No caso de desenvolver novos modelos de pitot, a equipe quer primeiro conhecer seu funcionamento detalhadamente. Para isso, o grupo vem usando a aeronave A4-Skyawk, da Marinha, e o túnel de vento aerodinâmico do Instituto Nacional de Metrologia, Normalização e Qualidade Industrial (InMetro), em Xerém. “Queremos dominar o conhecimento do comportamento térmico do pitot, quando ele é submetido a variações de temperatura e escoamento de ar em velocidades subsônicas e trans-sônicas. Nesse sentido, estamos desenvolvendo em software específico que analisa esse comportamento do pitot“, explica José Roberto Brito Souza, também participante da equipe. Seu projeto tem como objetivo estudar teórica e experimentalmente o problema de transferência de calor associada com o comportamento térmico de um tubo de pitot aeronáutico aquecido, seja em túnel de vento, seja em voo. “A análise experimental envolveu a utilização de um sistema de PIV (Particles imagery velocimetry) para identificar o campo de velocidade em torno da sonda de pitot, o uso de um sistema de termografia infravermelha para medir o campo de temperatura na superfície da sonda, e a aeronave da Marinha”, explica José Roberto.

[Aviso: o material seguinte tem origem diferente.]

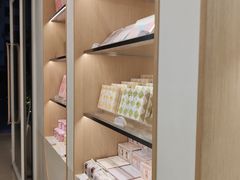 -好利来(七宝领展广场店)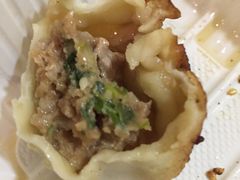 -小杨生煎(湟普汇店)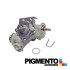 Automático de água - ORIGINAL JUNKERS / VULCANO 87070063430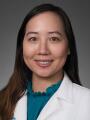 Photo: Katherine Tseng, FNP-C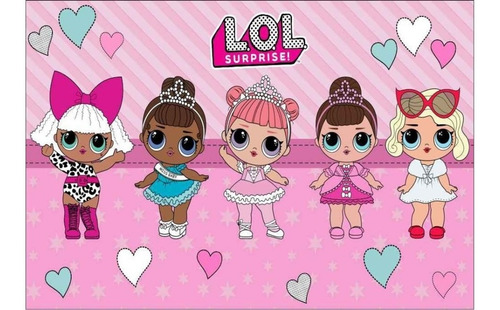 Láminas Comestibles P/ Tortas Personalizadas Cumpleaños 24hs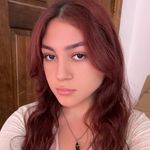 A ♡ - @amanda.portales - Instagram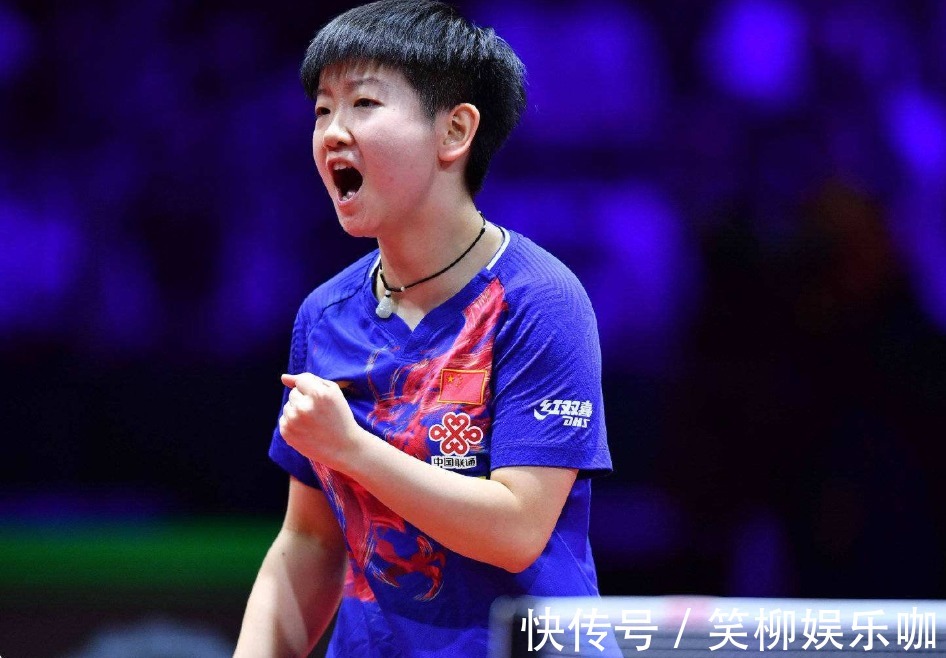 对普通用户 对普通用户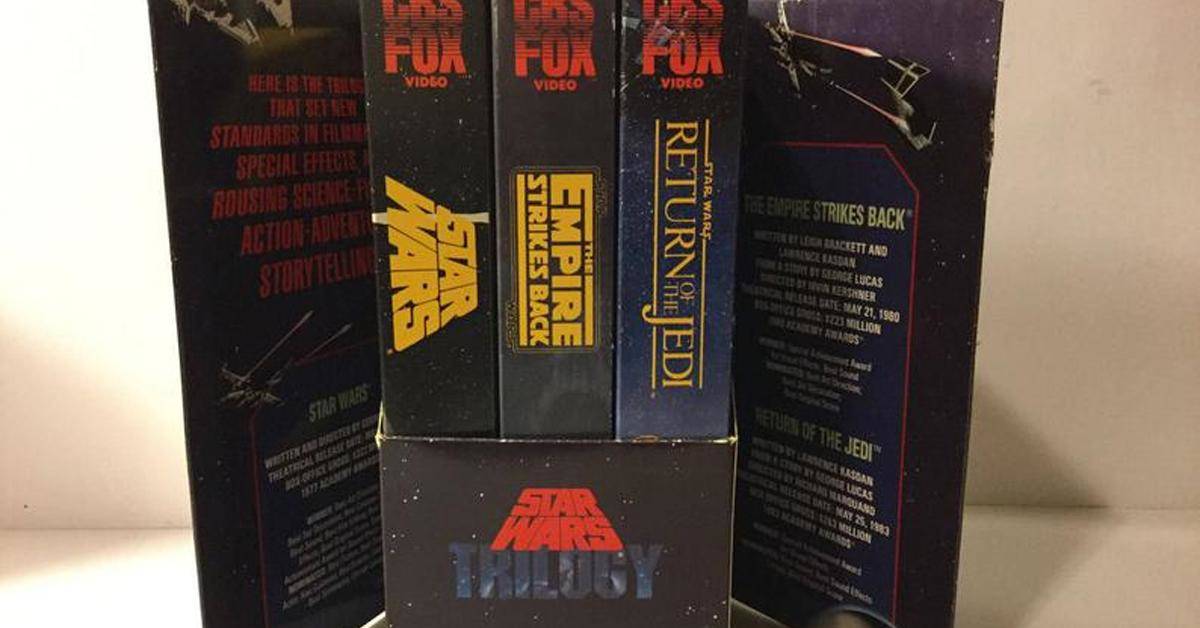 star-wars-trilogy-vhs-54908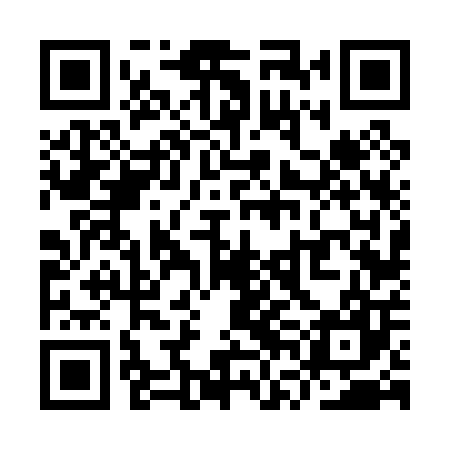 QR code for YVF007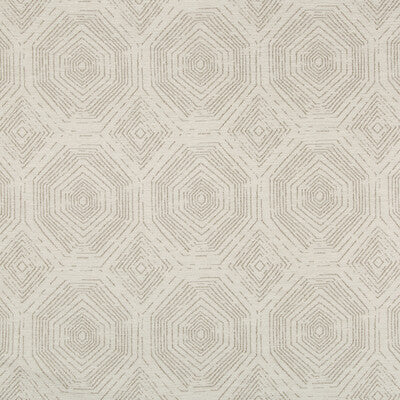 Kravet Design Upholstery TP-290840.16.0 Upholstery COTTON - 50%;POLYESTER - 50% United States </p><p>Repeat: H: , V: 27.5 21 - My Fabric Connection -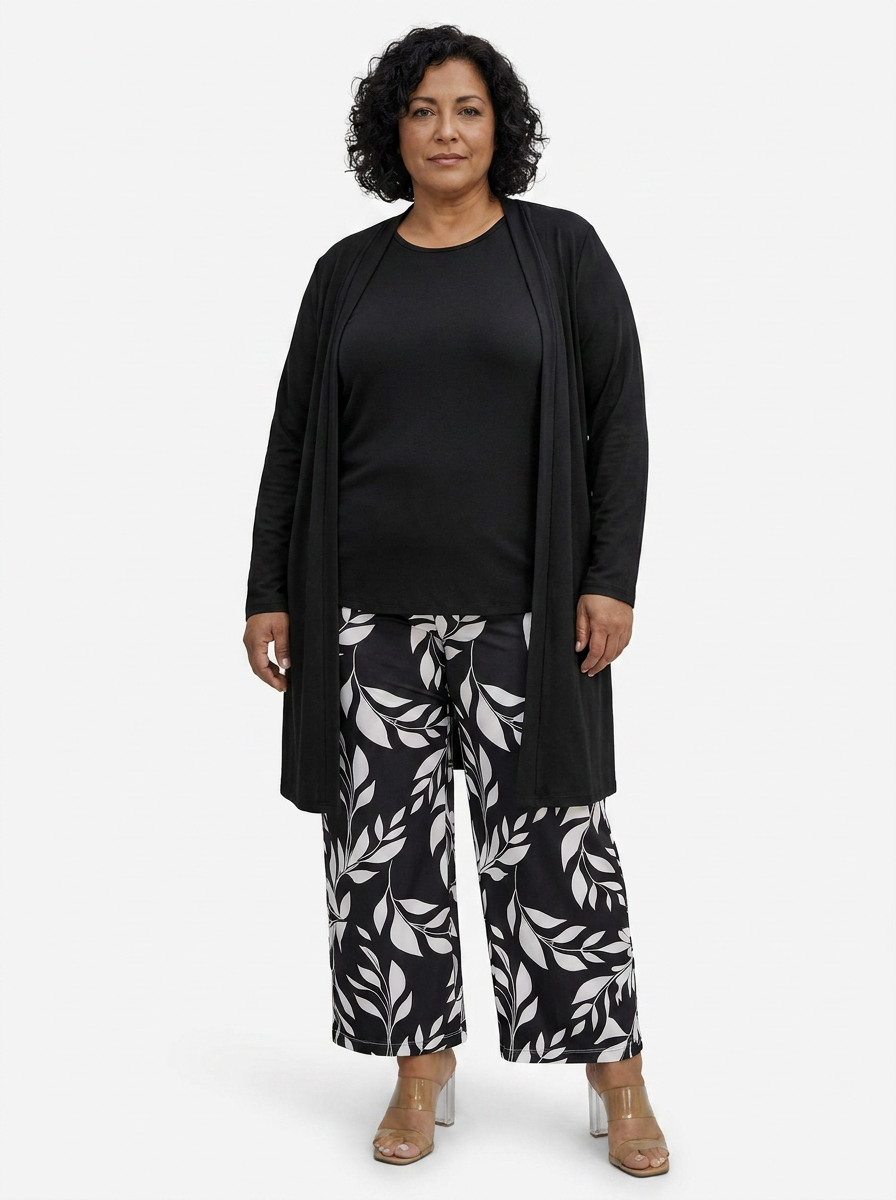 Epiphany™ - 3-Piece Set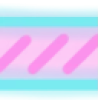 Эмодзи Neon Font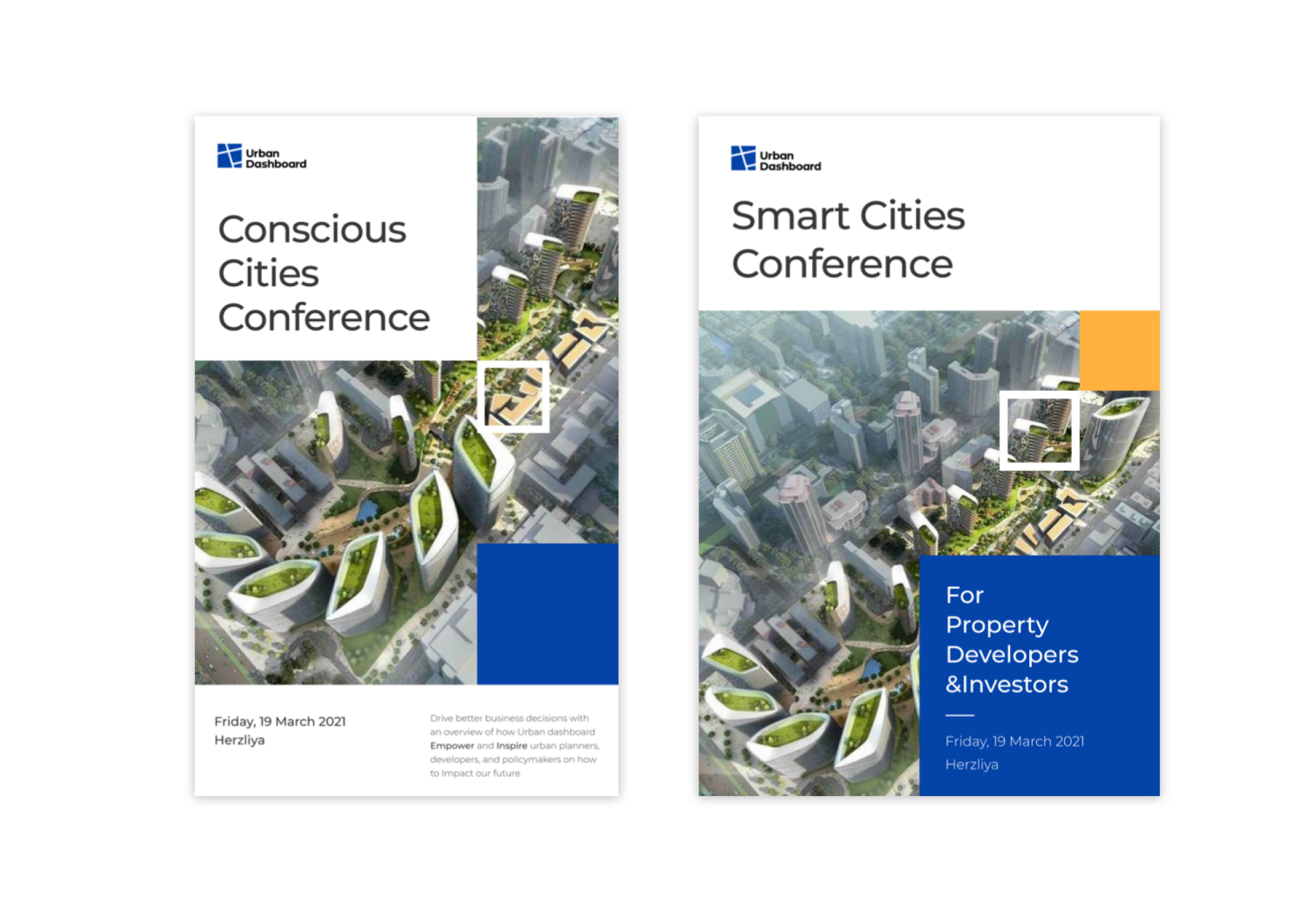 Entry 343472 in Brandind Design by Manz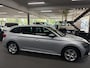 Skoda Scala 1.0 TSI Sport Business/ NL auto/ Eerste eigenaar/ Parkeersensoren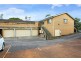 7/33-35 Meroo Street, Bomaderry NSW 2541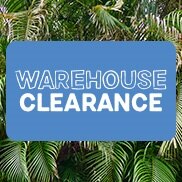 Warehouse Clearance Sale - Special Offers - Sale
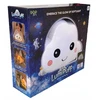 Mentor Popbro Poduszki Wieclce LumiPuff wiecšca poduszka Chmurka LP-804 48046 /6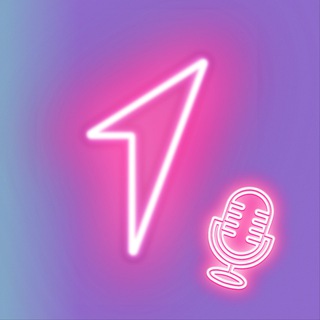 Медиа | Татарстан | Движение Первых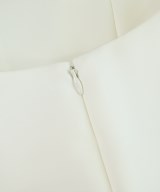 Apuweiser-riche（アプワイザーリッシェ）ブラウス 白 サイズ:0(XS位) レディース/2200604089045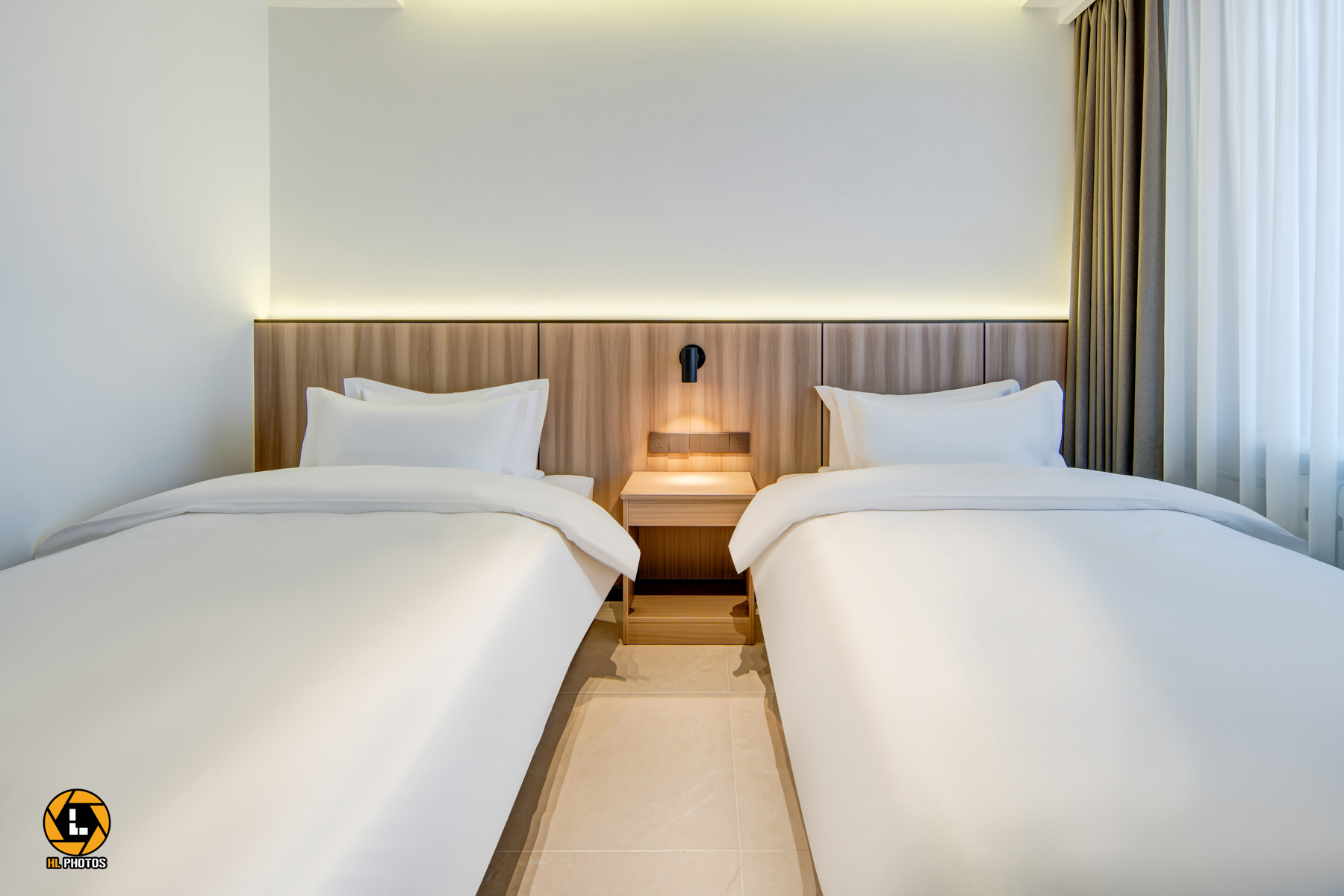 海拉尔区宾馆住宿部分丨中国呼伦贝尔-20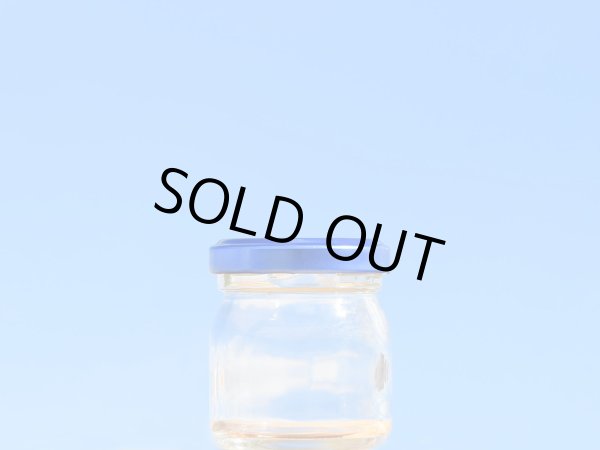 画像2: 丸４６■１４０本入■送料無料 (2)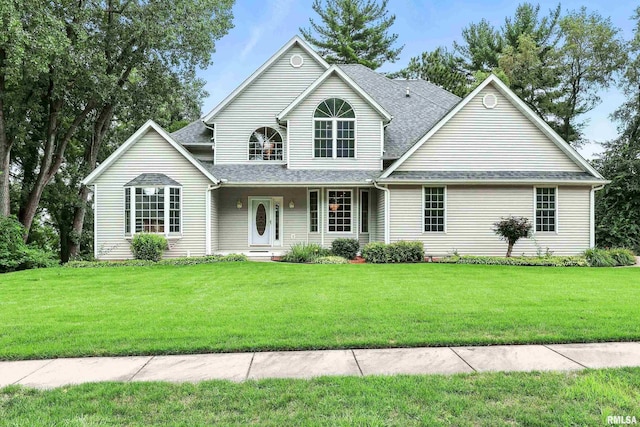 801 Foret Mansur Ln, Carbon Cliff, IL 61239 - photo 1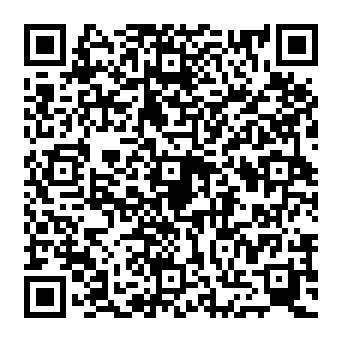 QR 987e70f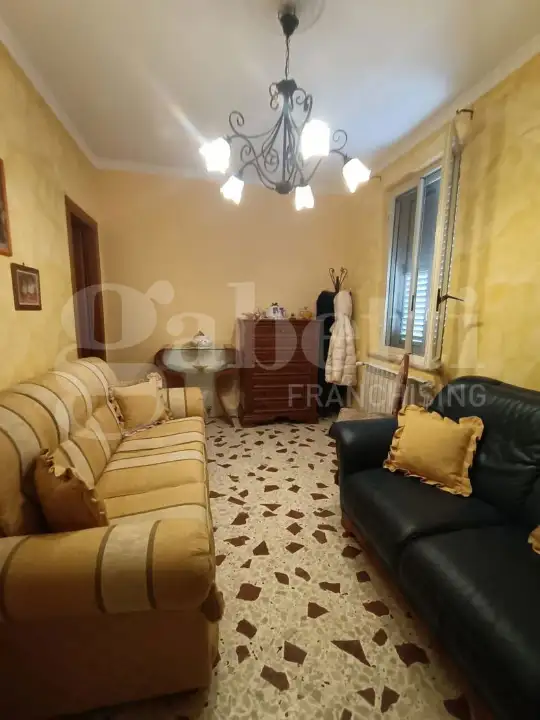 Casa Indipendente - Image 10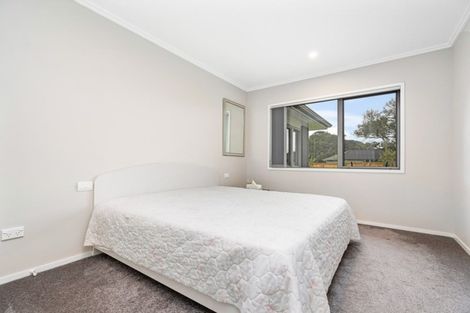 Photo of property in 41 Karanui Road, Te Kamo, Kamo, 0185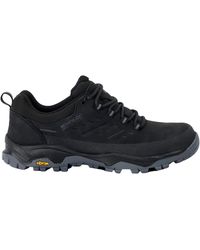 Regatta - Blake Low Walking Shoes - Lyst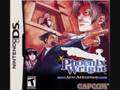 videos de Gyakuten Saiban 1 Soundtrack - Prologue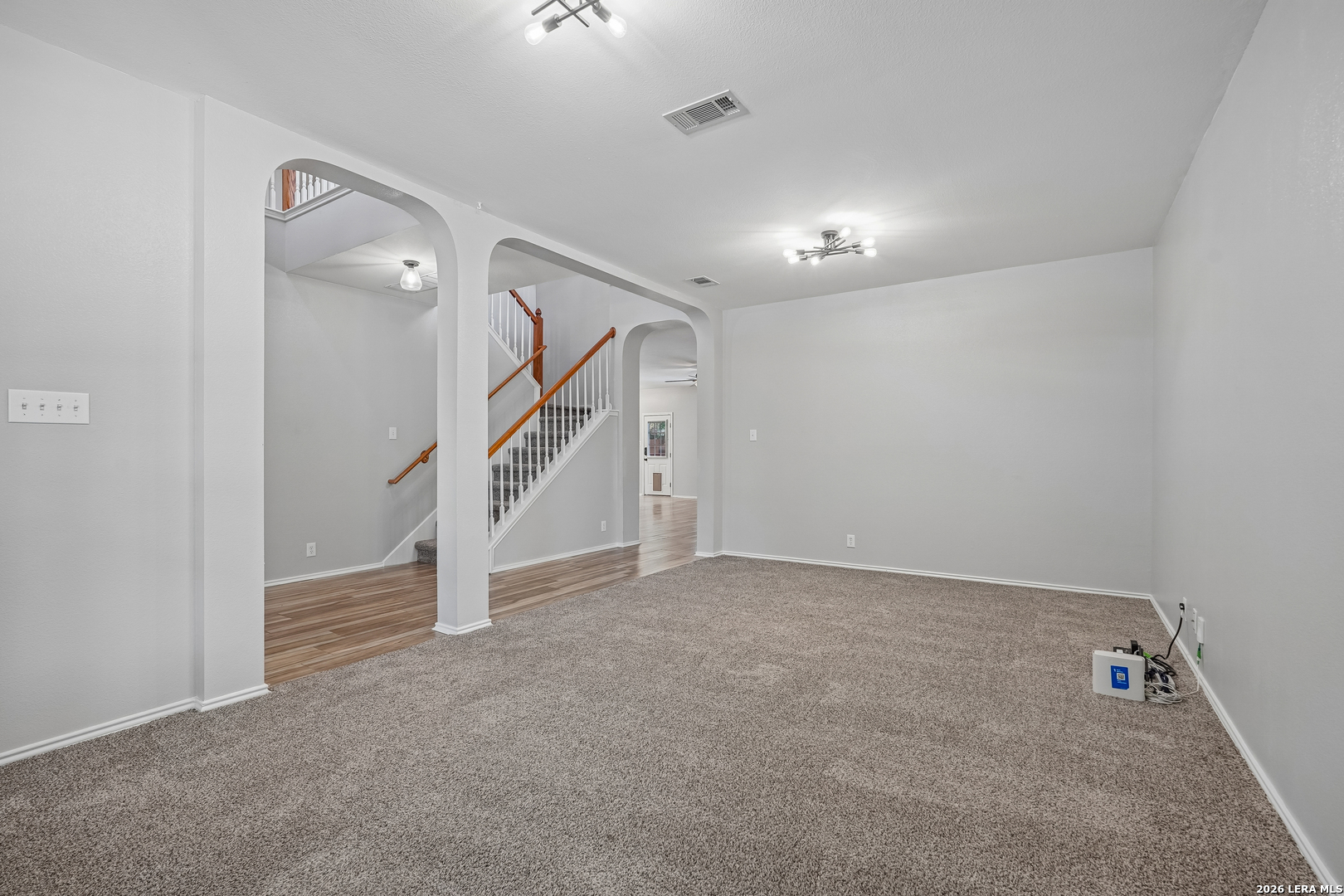 3601 Sumter Glade Schertz TX 78154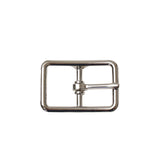 4-154022.SLC.01.jpg BuckleCtrBarNp1"10pk Image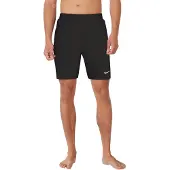 Nike 7" Volley Surffishortsit black Koko S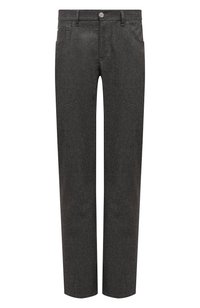 Темно-серый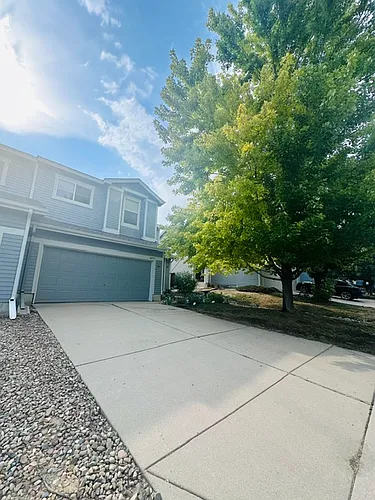 10975 Columbine St Photo 1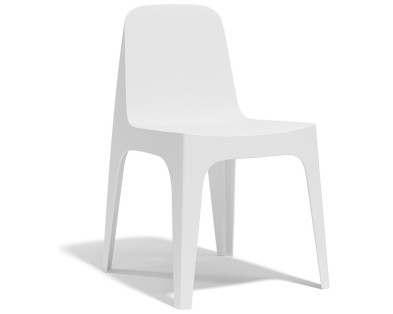 Стул Vondom Solid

Ao mesmo tempo, como não há no país túnel de vento com formação de gelo em que se possa testar condições de voo mais severas, o grupo está desenvolvendo seu próprio túnel. “Trata-se da construção de um túnel de vento criogênico, que será o primeiro do gênero no Brasil, para possibilitar a pesquisa do comportamento de sensores de velocidade quando submetidos a escoamentos de ar a baixas temperaturas. Isso certamente é mais prático, barato e seguro do que enviar uma aeronave de pesquisa, para voar em condições meteorológicas adversas”, explica Átila, sobre seu projeto de doutorado.
De uma coisa, o grupo tem certeza. Com o desenvolvimento desses projetos, que ainda têm mais dois ou três anos pela frente, a equipe sabe que, além de estar formando um laboratório de excelência sobre o tema, certamente garantirá soluções para voos mais seguros.